How Anchor protocol works?

03 Feb 2022 Defi

Anchor protocol has been getting the limelight for the past year as it maintained a 20% deposit interest for it’s stablecoin. But the last few months, it has been getting the heat as their yield reserve is depleting. The high interest might not sustain for long.


Anchor protocol is a core component of Terra ecosystem. Terra is a blockchain, like Ethereum, but with a focus on being the Internet money. To do that, they have their own stablecoin – UST (aka Terra USD). Don’t be confused with USDT (aka Tether), which is a very popular stablecoin.

Another component of Terra is Mirror protocol, which allow you to trade stock market!

What’s more, Terra has a real-world eCommerce use case with 10 million users. They partnered with CHAI, a Korean mobile payment service.

The value proposition

Anchor marketed themselves as “Better Savings”. True in a certain sense because you can 20% interest for depositing their stablecoin! As you know, stablecoin are pegged to fiat, so there is no volatilty like other tokens.

Not not exactly true, because they are not like bank savings account. They come with more risks. Before I discuss the risks, let’s understand how it works next.

Anyway, a better comparison is with other stablecoin staking, such as USDC, which you can easily earn 8-12% on

How they generate such high interest

Anchor is like a business with Profit & Loss (P&L).

The “profit” comes from:

  1. Borrower of their UST must pay an interest of ~10%
  2. Borrower also have to put LUNA or ETH as collateral, which will in turn provide staking rewards

The “loss” comes from:

  1. Users who deposit UST earns 20%

It’s just that simple. Like a business there are good times and bad times. When the profit > loss, the surplus will be added to a Yield Reserve. When profit < loss, the deficit will be taken from the Yield Reserve.

Anchor Spreadsheet

I have created this to show how the yield reserve will be affected by all the different parts of the business. This is the snapshot as of Feb 3, 2022:

You can duplicate this sheet, and play around with the scenarios, namely: what if LUNA price drops? What if borrow interest increases?

What if the Yield Reserve is depleted?

This is a question many asked. Some wonder if Anchor/Terra will collapse once the yield reserve is depleted.

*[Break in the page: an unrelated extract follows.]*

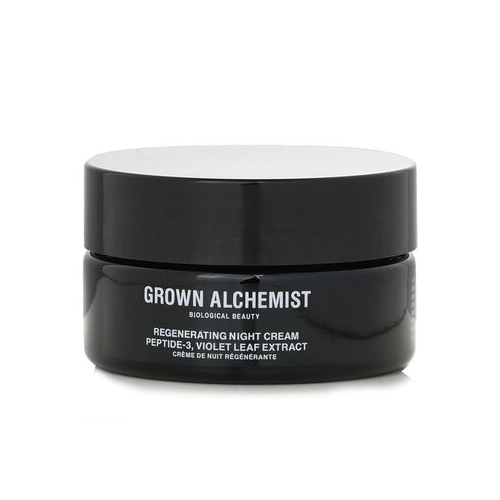 Grown Alchemist Регенерирующий Ночной Крем - Нейропептид и Экстракт Листьев Фиалки 40ml/1.35oz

There is nothing much to worry about. They designed for it:

If real yield < Anchor Rate, the yield shortfall is drawn down from the yield reserve until it is depleted. Additionally, ANC incentives to borrowers increase by 50% every week until the real yield converges to the Anchor Rate.

One thing I didn’t point out earlier is that borrowers have an incentive to borrow – they earn ANC token! So when the reserve is depleted, they earn even more ANC. There will be more borrowers, because they can potentially earn more than the interest paid.

Even the CEO said:

the yield reserve is designed that way (can be depleted), and when that happens, yields will drop to 15%, which is still be far the highest return for a stablecoin.

The risks

So, it seems like everything is sound. There are only some risks to discuss.

UST can become unpegged. This is quite unlikely due to the algorithmic nature of this stablecoin, which uses a burn and mint way to maintain the peg. I will not discuss the details, but in short, if UST becomes $0.80, then LUNA will decrease in price, and push up UST price, vice versa.

Deposit rate will decrease. Yes, this can happen. If so, simply move away if you have better opportunities!

Whole of Terra might spiral to death? Anything is possible, but the ecosystem is strong.